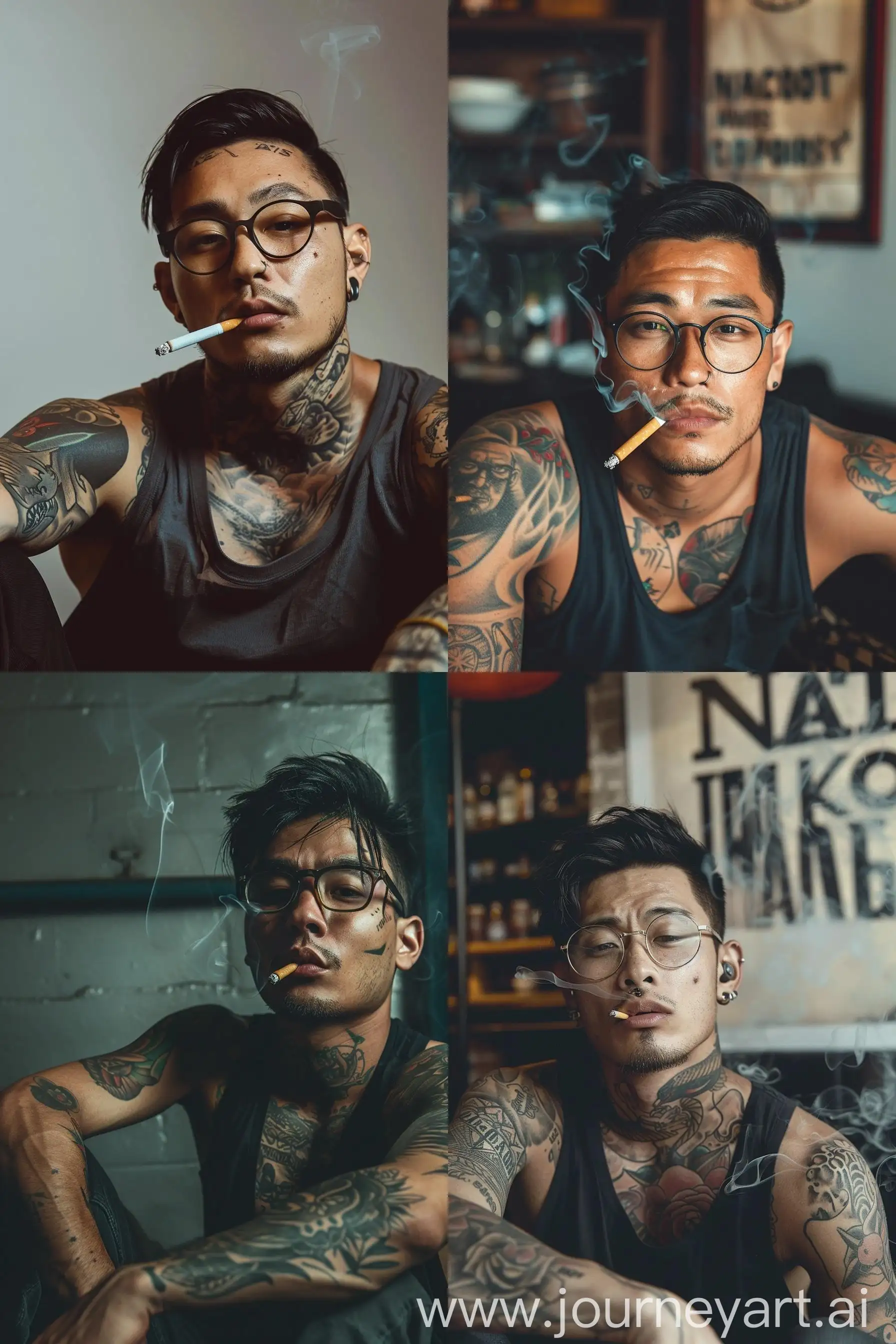 Cool-Asian-Man-with-Tattoos-in-Narcos-Film-Theme-Smoking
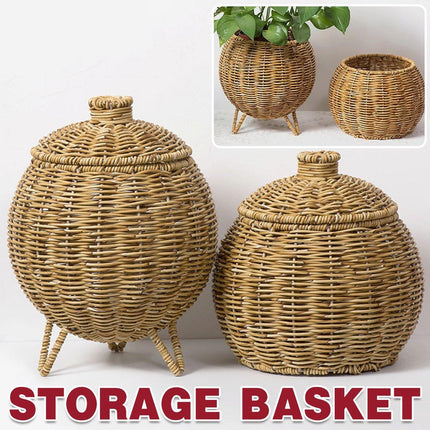 Hand Woven Storage Container with Lid Tabletop Basket Sundries Holder Organizer
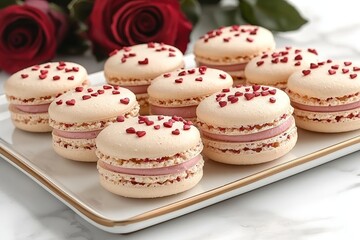 Fototapeta premium Sweet treats are elevated with a selection of colorful macarons featuring heart-shaped sprinkles, perfect for special occasions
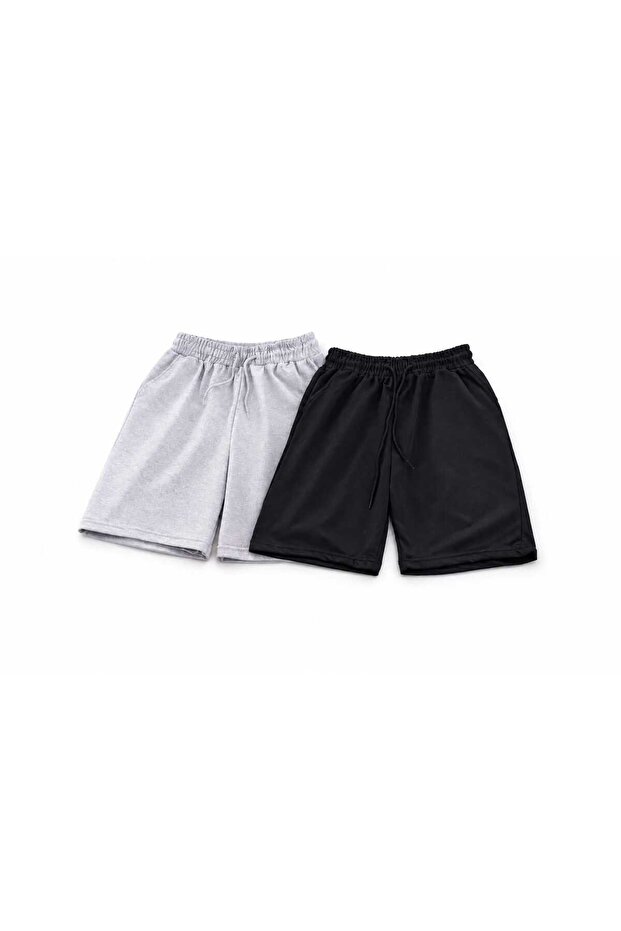 One Black, One Gray Plain Patternless Shorts, 2 Pack Combed Cotton Fabric Comfortable Summer Shorts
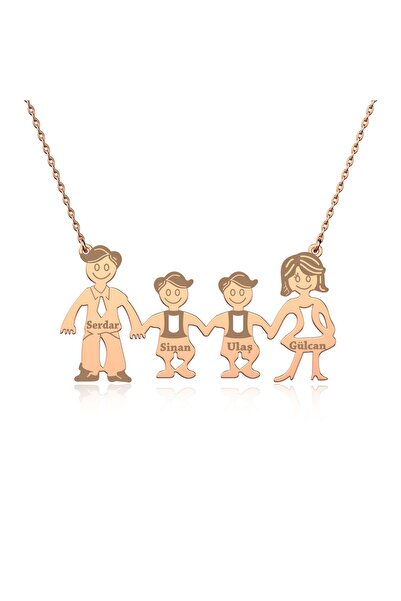 İNDİGO TAKI Isimli Iki Kız Çocuklu Gümüş Aile Kolyesi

━━━━

- **TASK**
The answer should contain nothing but the lines from the top of the data above through the line containing "Fototapeta premium Sweet", copied exactly, with no images.

- **ANSWER BOX**
 Cool-Asian-Man-with-Tattoos-in-Narcos-Film-Theme-Smoking
 Hand Woven Storage Container with Lid Tabletop Basket Sundries Holder Organizer
 Fototapeta premium Sweet treats are elevated with a selection of colorful macarons featuring heart-shaped sprinkles, perfect for special occasions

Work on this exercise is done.